EL HERMANO DEL SEÑOR

por El Responsable

Y llegaron su madre y sus hermanos y, quedándose fuera, mandaron a por él, llamándole. Y la gente estaba sentada a su alrededor, y le dijeron: “¡Mira! Tu madre y tus hermanos están fuera, buscándote”. Y respondiendo les dijo: “¿Quiénes son mi madre y mis hermanos?”. Y mirando en torno a los que estaban sentados a su alrededor, en corro, dijo: “He aquí mi madre y mis hermanos. Pues cualquiera que haga la voluntad de Dios, ése es mi hermano, mi hermana y mi madre”.

Evangelio según San Marcos 3, 31-35

hermanos [adelphoi]. Este término supone que, después del nacimiento de Jesús, su madre, María, concibió y dio a luz más hijos, lo cual es compatible con Lc 2, 7 (su hijo primogénito) y Mt 1, 25 (José y María no mantuvieron relaciones sexuales hasta después del nacimiento de Jesús).
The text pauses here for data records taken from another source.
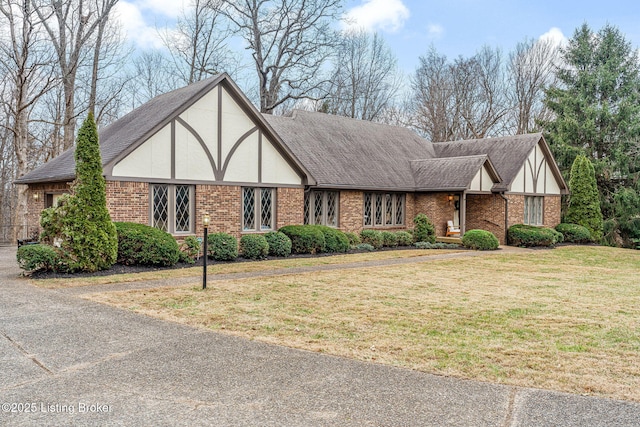 tudor-style house with stucco siding, a shingled roof, a front yard, and brick siding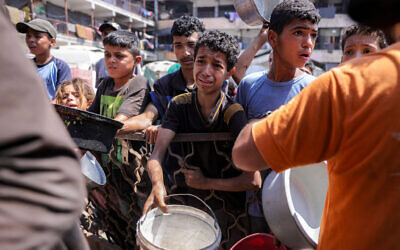 Children queue with pots to receive meals from a charity kitchen in Gaza City on July 14, 2025. (BASHAR TALEB / AFP)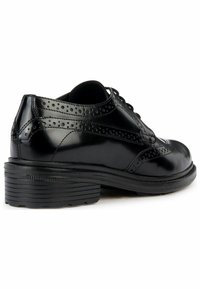 Chaussure habillée en cuir noir avec une finition brillante, des détails de brogue, un bout arrondi et une semelle en caoutchouc épaisse avec des rainures horizontales.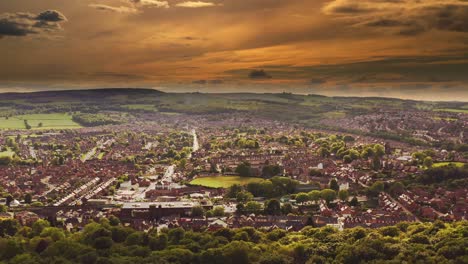 Aerial-shot-of-a-beautiful-sunset-over-the-town-of-Chapeltown-in-South-Yorkshire,-UK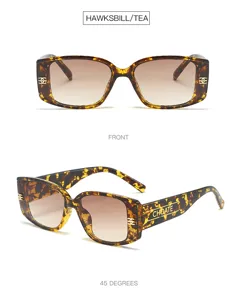 Detailed shot of tortoiseshell square sunglasses with thick frames and gradient lenses.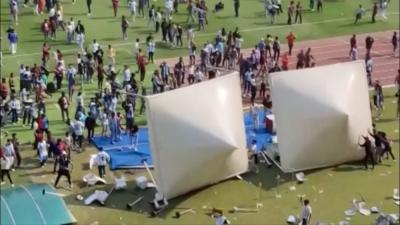 Fans pulling down tents in Salt Lake stadium
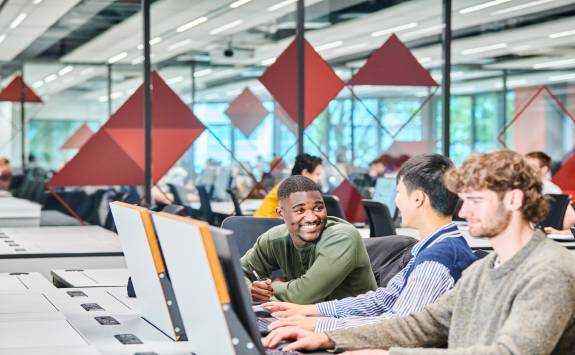 Some students chatting in a computer lab.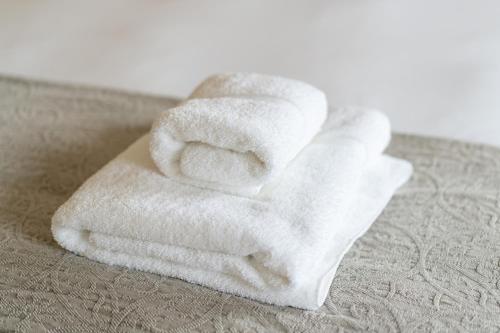 biały ręcznik siedzący na łóżku w obiekcie The Ironmongers Boutique accommodation w mieście Aylsham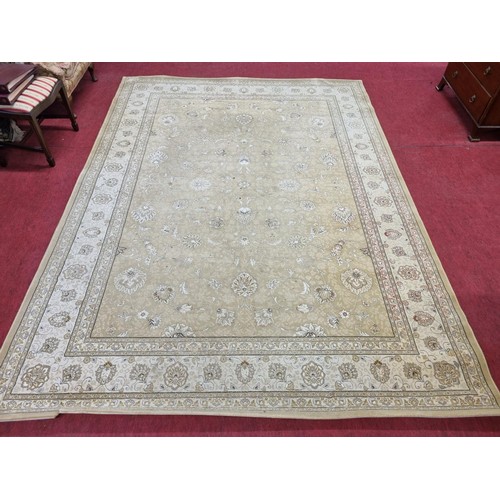 603 - A large Belgium cream ground Carpet with all over decoration and multi borders. 330 x 240 cms approx... 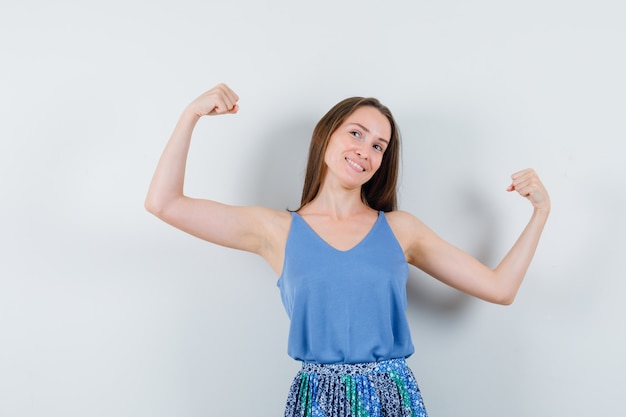 Junge Dame in Bluse, Rock zeigt ihre Armmuskeln und schaut energisch, Vorderansicht.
La postura oficial de la Iglesia católica defiende, sin embargo, que María se mantuvo perpetuamente virgen y, en esa línea, a partir del siglo IV d. C., los teólogos católicos y algunos protestantes (¡como Martín Lutero y Juan Calvino!) han opinado que aquellos a quienes el Nuevo Testamento llama hermanos de Jesús son de hecho primos (san Jerónimo) o hermanastros, hijos que tuvo José en un matrimonio anterior (san Epifanio). Sin embargo, actualmente la mayoría de los estudiosos, incluyendo un número creciente de católicos, prefieren una interpretación literal de hermanos.

Esta última postura se asienta en buenas razones, mientras que las alternativas carecen de argumentos convincentes para defenderse.
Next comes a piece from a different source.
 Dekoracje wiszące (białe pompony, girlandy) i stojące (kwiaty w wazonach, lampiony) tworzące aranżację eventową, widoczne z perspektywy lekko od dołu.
a) Sobre la hipótesis de los hermanos de Jesús como hermanastros. En el Nuevo Testamento, fuera de nuestro pasaje y del pasaje paralelo de 6, 3, adelphos es un término de familia que se refiere prácticamente siempre a un hermano en sentido estricto, con la única excepción importante de Mc 6, 17 // Mt 14, 3, donde tiene el sentido de medio hermano, es decir, de alguien con quien se comparte sólo uno de los padres biológicos (el padre o la madre), y no de hermanastro, es decir un hermano por matrimonio de uno de sus padres, sin relación biológica. Además, no hay ninguna evidencia independiente para hablar de un matrimonio previo de José.

b) Sobre la hipótesis de los hermanos de Jesús como primos. En toda la Biblia sólo hay un caso en que la palabra hermano tenga este sentido (1 Cr 23, 22) y se trata de un caso en el que el significado queda claro por el contexto inmediato, cosa que no sucede en modo alguno en Mc 3, 31-35. Además, la lengua griega tiene una palabra clara y sin ambigüedades para referirse a primo, la palabra anepsios (cf. Col 4, 10), y aquí se hubiera empleado probablemente esa palabra si se hubiera tratado de primos. La aplicación de esta hipótesis de los primos de Jesús exige que se trace una complicada e improbable genealogía, en la que una hermana de María -llamada también María, por más coincidencia- se casó con un hombre llamado Cleofás (Jn 19, 25), o Alfeo (Mc 3, 18; cf. 6, 3; 15, 40). Por otra parte, como ha puesto de relieve J. P. Meier, el impacto retórico de nuestro pasaje (Mc 3, 35) quedaría considerablemente debilitado en el caso de que adelphos se tomara como primo.”

El Evangelio según Marcos (Mc 1-8), de Joel Marcus; Sígueme, 2010; pgs. 312-313.